Dozens of organizations on the West Coast of North America are tracking the plight of the black oystercatcher, a bird that confines its life to the rocky shores along ocean waters. Rising sea waters, a product of global warming, and human disturbances are destroying this bird’s habitat and, in doing so, we are getting today a grim picture of life ahead on the coast.
I didn’t know about the monitoring of this bird until yesterday evening when I attended a presentation at the Monterey Audubon Society. Two research students discussed their findings that in the extreme show the black oystercatcher losing 82 percent of its habitat by the end of this century.

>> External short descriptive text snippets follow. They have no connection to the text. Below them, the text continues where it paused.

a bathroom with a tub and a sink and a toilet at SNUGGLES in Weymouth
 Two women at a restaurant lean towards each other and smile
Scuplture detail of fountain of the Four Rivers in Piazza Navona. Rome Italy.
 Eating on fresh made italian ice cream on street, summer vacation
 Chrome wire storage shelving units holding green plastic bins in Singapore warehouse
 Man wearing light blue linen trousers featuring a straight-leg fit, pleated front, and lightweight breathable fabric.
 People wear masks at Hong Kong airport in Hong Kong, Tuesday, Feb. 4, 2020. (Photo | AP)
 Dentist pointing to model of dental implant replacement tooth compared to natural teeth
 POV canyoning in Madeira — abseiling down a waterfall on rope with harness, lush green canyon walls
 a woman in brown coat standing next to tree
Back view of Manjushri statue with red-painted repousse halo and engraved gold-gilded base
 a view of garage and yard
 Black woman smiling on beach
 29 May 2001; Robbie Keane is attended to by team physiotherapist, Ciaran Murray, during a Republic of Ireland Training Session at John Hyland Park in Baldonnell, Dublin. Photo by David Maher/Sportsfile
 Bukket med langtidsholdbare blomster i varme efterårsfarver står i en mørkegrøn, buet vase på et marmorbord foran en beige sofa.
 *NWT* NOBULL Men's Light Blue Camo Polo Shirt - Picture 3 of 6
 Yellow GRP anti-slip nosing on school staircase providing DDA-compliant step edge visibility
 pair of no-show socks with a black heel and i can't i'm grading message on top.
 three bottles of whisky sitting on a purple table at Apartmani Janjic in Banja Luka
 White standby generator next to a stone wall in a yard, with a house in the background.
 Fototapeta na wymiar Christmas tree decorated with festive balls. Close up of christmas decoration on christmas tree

They noted how the construction of sea walls to hold back ocean waters is making matters worse for the bird, although it would be possible to build walls that would incorporate the bird’s habitat into its design. But such planning is controversial, expensive and slow in coming. I wonder what power the oystercatcher has when pitted against the billionaire homes sprayed by the ocean?
These monitoring projects are lines in the sand. The students, using existing data points, say that about one-third of the black oystercatcher population of 18,000 on the West Coat is in California. Local efforts are in place to track the bird’s growth or decline and to feed the information to planners charged with designing a future for the coastline.
About 90 miles north of Monterey the city of Pacifica has already lost homes to rising ocean waters. The habitat discussion there is drowned out by fear and anger.